地元愛は”強い”――いま大阪でコミュニティ大会をやる理由【oreRevo Bonanzaインタビュー】
もはや聞き飽きたかもしれないが、esportsシーンの根本を支えているのはコミュニティだ。一方で、どこのコミュニティも継続的な大会やイベントの開催に不安を抱えている。同好の士に楽しんでもらおうとしても、モチベーションの維持や多額の費用はいつも重くのしかかる。

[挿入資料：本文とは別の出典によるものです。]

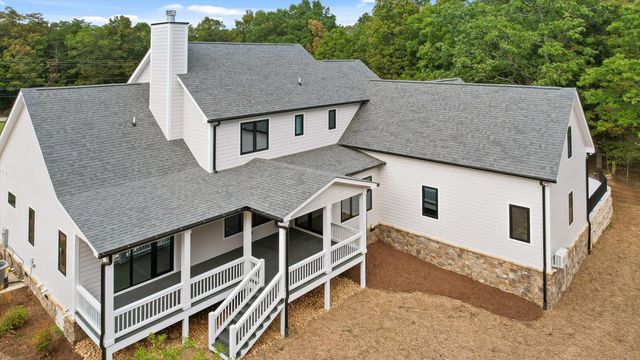 7558 Sawyer Road, Signal Mountain, TN 37377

esports事業に携わる多くの人が「コミュニティが大事」と言いつつ、現場に目が行き届いているわけではないし、実際に手を取り合っている例も多くない。その必要性や仕組みについては議論すべきとはいえ、僕自身が話に聞く限り、多くのコミュニティが企業の協力(特に機材や費用)を望んでいるようだ。
そこで弊誌では微力ながらでもコミュニティに光を当て、まずは志の高い読者諸氏に存在を知ってもらいたいという考えから、コミュニティ主催者に向けて「インタビューをさせてもらえないか」と募った。そこで最初に手を挙げてくれたのが、大阪を拠点に活動しているoreRevoのBonanzaさんだった。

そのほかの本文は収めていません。